NAMA : RIZKI WIBAWA

NPM     : 11208089

KELAS : 3EA10

TUGAS : SOFTSKILL BAHASA INDONESIA 2

PERTEMUAN PERTAMA

 

I. LATAR BELAKANG MASALAH

Penalaran merupakan suatu corak atau cara seseorang mengunakan nalarnya dalam menarik kesimpulan sebelum akhirnya orang tersebut berpendapat dan dikemukakannya kepada orang lain.

Data yang dapat digunakan untuk penalaran untuk mencapai satu simpulan yang berbentuk kalimat pernyataan. Data atau fakta yang dinalar itu boleh benar dan tidak benar. Disinilah letaknya kerja penalaran. Orang akan menerima data dan fakta yang benar dan tentu saja akan menolak data yang belum jelas kebenaranya. Data yang dapat dipergunakan dalam penalaran untuk mencapai simpulan. Satu simpulan ini harus berbentuk kalimat pernyataan. Disini saya akan membahas dua jenis penalaran yaitu penalaran deduktif dan penalaran induktif.

  1. II. PERMASALAHAN

  1. 1. Apa arti dalam penalaran Deduktif ?
  2. 2. Contoh klasik dari penalaran Deduktif ?
  3. 3. Apa arti dalam penalaran Induktif ?
  4. 4. Induksi kuat dan lemah dalam penalaran induktif ?

III. PEMBAHASAN MASALAH

ada dua macam pola penalaran, yaitu:

1. Penalaran Deduktif

Penalaran deduktif menggunakan bentuk bernalar deduksi. Deduksi yang berasal dari kata de dan ducere, yang berarti proses penyimpulan pengetahuan khusus dari pengetahuan yang lebih umum atau universal. Perihal khusus tersebut secara implisit terkandung dalam yang lebih umum. Maka, deduksi merupakan proses berpikir dari pengetahuan universal ke singular atau individual.

Penalaran deduktif adalah cara berpikir dengan berdasarkan suatu pernyataan dasar untuk menarik kesimpulan. Pernyataan tersebut merupakan premis, sedangkan kesimpulan merupakan implikasi pernyataan dasar tersebut. Artinya, apa yang dikemukakan dalam kesimpulan sudah tersirat dalam premisnya.

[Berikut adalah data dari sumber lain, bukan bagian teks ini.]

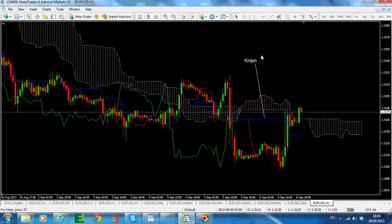It depends very much on where you are reading about the Kijun line. This is by far more important than the Tenkan, as it takes into consideration more periods — basically more candles: 26 periods. The Kijun is calculated by taking the highest high and the lowest low from the past 26 periods, and the result is divided by 2.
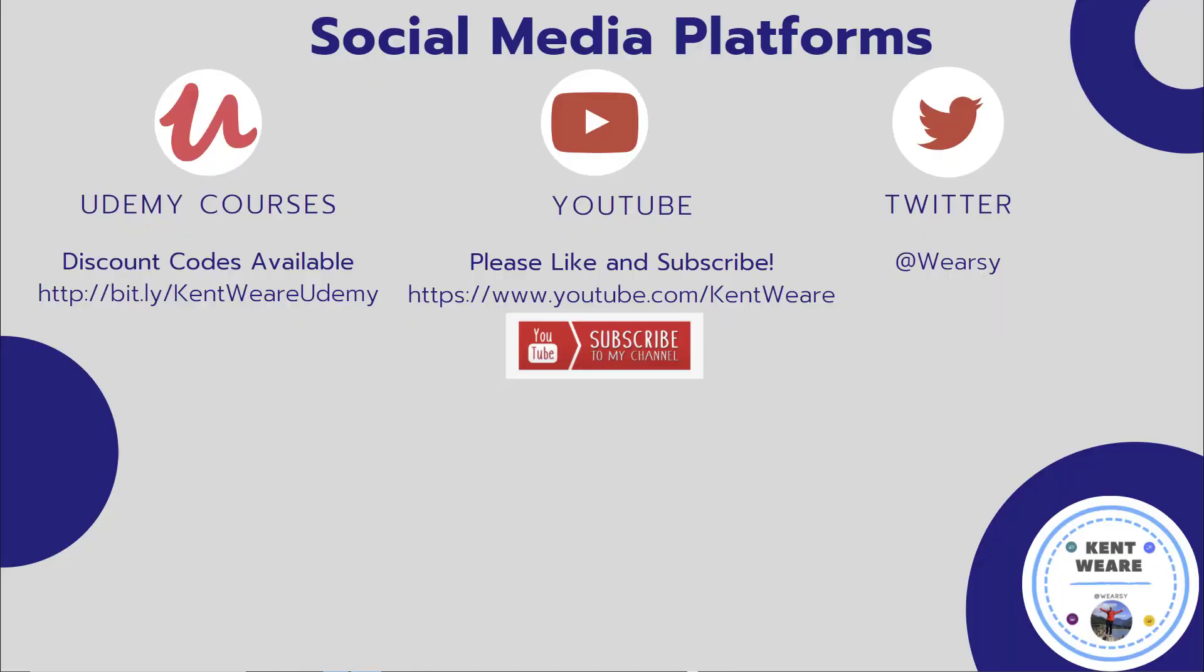All right, so thanks for checking out this video. If you're not following me on Twitter, go ahead and find me at Weirzy. Give that subscribe button a click. Likes, comments, subscribes all welcome. It helps with the show being picked up in the YouTube algorithm. Thanks a lot for checking in and we'll see you again next week. Take care.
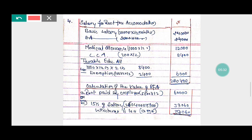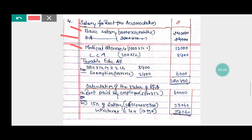Regarding dearness allowance: dearness allowance is Rs. 2,000 per month, which is Rs. 24,000 per year. However, since dearness allowance is not considered for retirement benefits in this problem, it is excluded from the salary for rent-free accommodation calculation. So the total salary for the purpose of rent-free accommodation remains Rs. 2,60,400, comprising basic salary, medical allowance, CCA, and taxable education allowance.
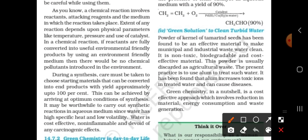Chemical reactions involve reactants, attacking reagents, and the medium in which the reaction takes place — which you study in class 11 in G.O.C. The medium can be an acid, a base, or even water.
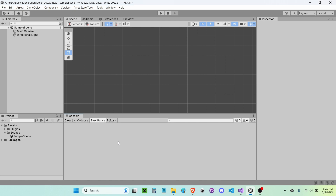Hello everybody. In this video I'll be showing you guys how to use the AI text invoice generation toolkit in your Unity projects. This video is specifically going to be covering how to use the speech to text component.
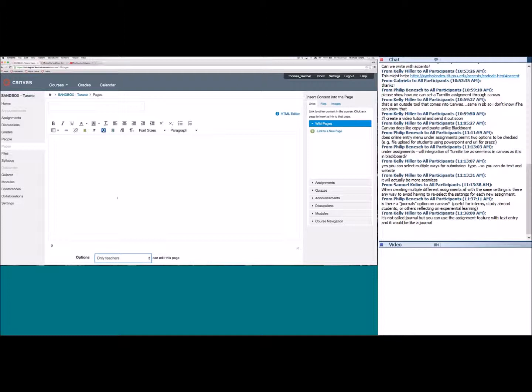Now that we have all this content — pages, assignments, discussions, and quizzes — we're going to use Modules to add that content and create a playlist for students to move through. Once everything is set up and students have access, they'll start submitting work.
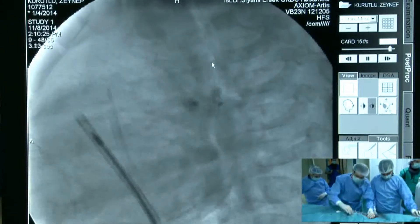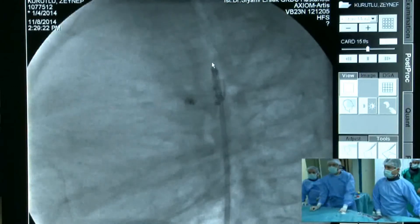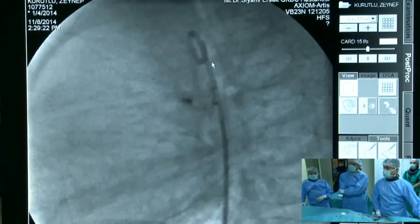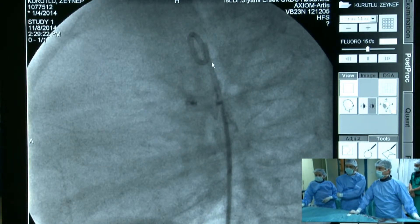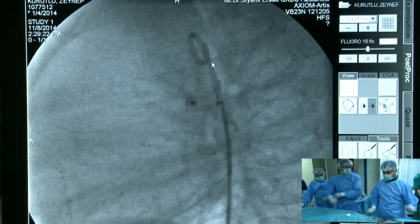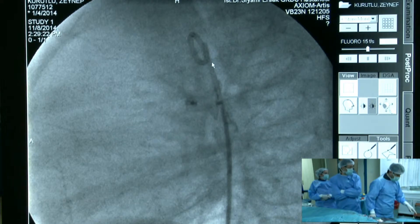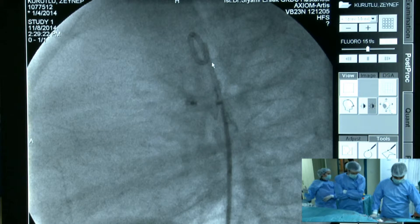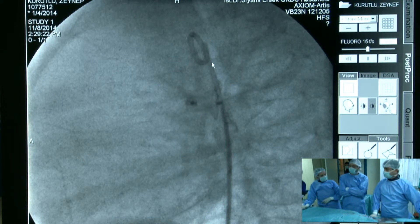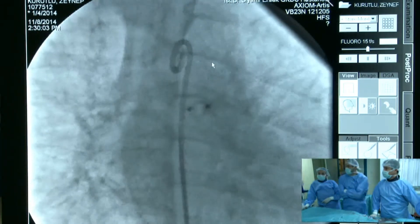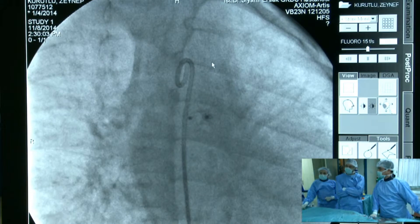Whether cranial angulation is needed depends on the size of the patient — for a one-year-old, RAO alone should be sufficient. My concern is that in this small child of seven to eight kilograms, the configuration of the ADO1 may not be ideal. Normally it should be shaped like a mushroom, with the pulmonary artery portion clearly fixed. In this case, the waist of the device appears to be placed within the tunnel of the PDA, which may carry a risk of dislodgement.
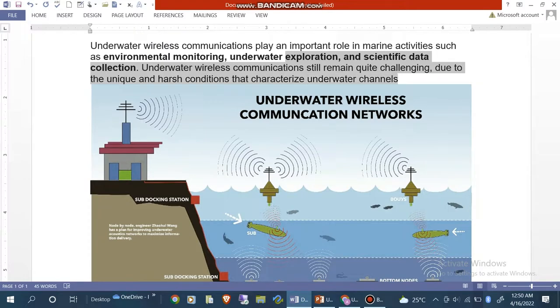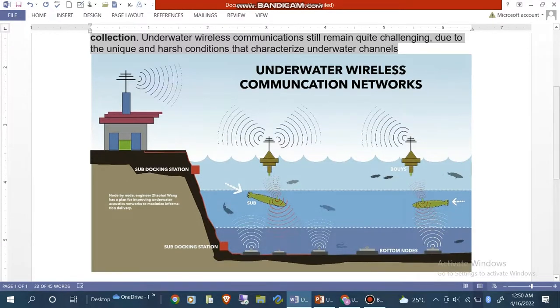Here you can see an underwater wireless communication network. These are the bottom nodes, this is the sub-docking station, and these are the buoys which produce the signal. These nodes are used for communicating with each other within the network.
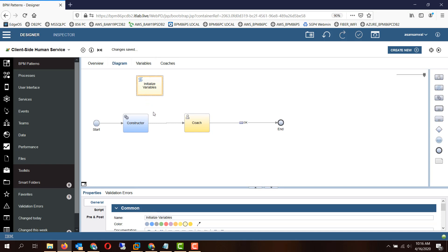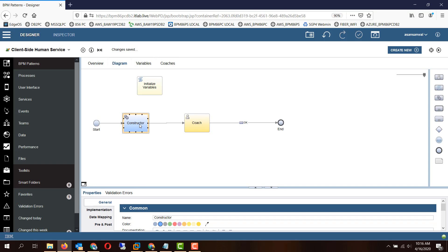The constructor pattern solves both of these problems. Right at the beginning of your services, you can have a reusable constructor service which is responsible for constructing your variables.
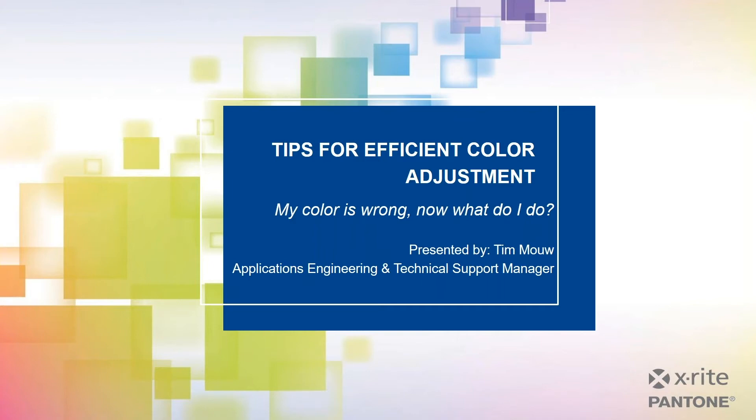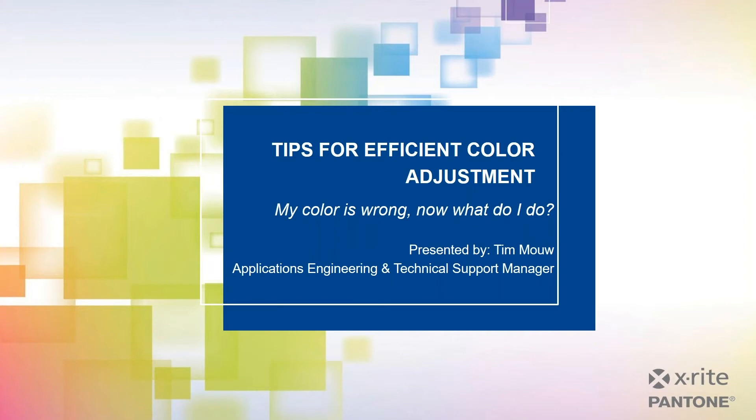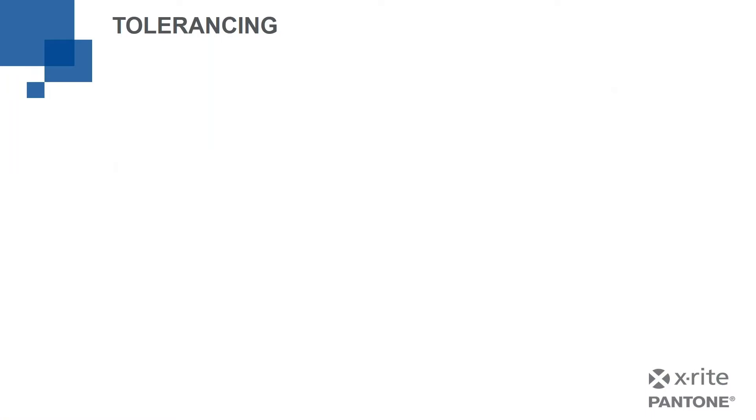Thank you, Robert, and welcome, everyone. You may see the title of my slide here is slightly different than what Robert said, but I titled it Tips for Efficient Color Adjustment. It's been called Tips for Efficient Color Matching. We've used a number of different names, but the reality is really that question in the middle: My color is wrong, now what do I do? In this series, this is webinar number five of a QC series. We've talked about establishing standards and knowing whether my color is good or not good, but we want to talk today about what do I do when it isn't good? Because just telling you color is bad isn't enough.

Jadi, proses deduksi sebenarnya tidak menghasilkan suatu konsep baru, melainkan pernyataan atau kesimpulan yang muncul sebagai konsistensi premis-premisnya.

Contoh klasik dari penalaran deduktif:

  • Semua manusia pasti mati (premis mayor)
  • Sokrates adalah manusia. (premis minor)
  • Sokrates pasti mati. (kesimpulan)

Penalaran deduktif tergantung pada premisnya. Artinya, premis yang salah mungkin akan membawa kita kepada hasil yang salah dan premis yang tidak tepat juga akan menghasilkan kesimpulan yang tidak tepat. Alternatif dari penalaran deduktif adalah penalaran induktif.

2. Penalaran Induktif

Penalaran induktif adalah proses berpikir untuk menarik kesimpulan berupa prinsip atau sikap yang berlaku umum berdasarkan atas fakta-fakta yang bersifat khusus. Prosesnya disebut induksi.

Penalaran induktif dapat berbentuk generalisasi, analogi, atau hubungan sebab akibat. Generalisasi adalah proses berpikir berdasarkan hasil pengamatan atas sejumlah gejala dan fakta dengan sifat-sifat tertentu mengenai semua atau sebagian dari gejala serupa itu. Analogi merupakan cara menarik kesimpulan berdasarkan hasil pengamatan terhadap sejumlah gejala khusus yang bersamaan. Hubungan sebab akibat ialah hubungan ketergantungan antara gejala-gejala yang mengikuti pola sebab akibat, akibat sebab, dan akibat-akibat.

Contohnya dalam menggunakan preposisi spesifik seperti:

Es ini dingin. (atau: Semua es yang pernah kusentuh dingin.)
Bola biliar bergerak ketika didorong tongkat. (atau: Dari seratus bola biliar yang didorong tongkat, semuanya bergerak.)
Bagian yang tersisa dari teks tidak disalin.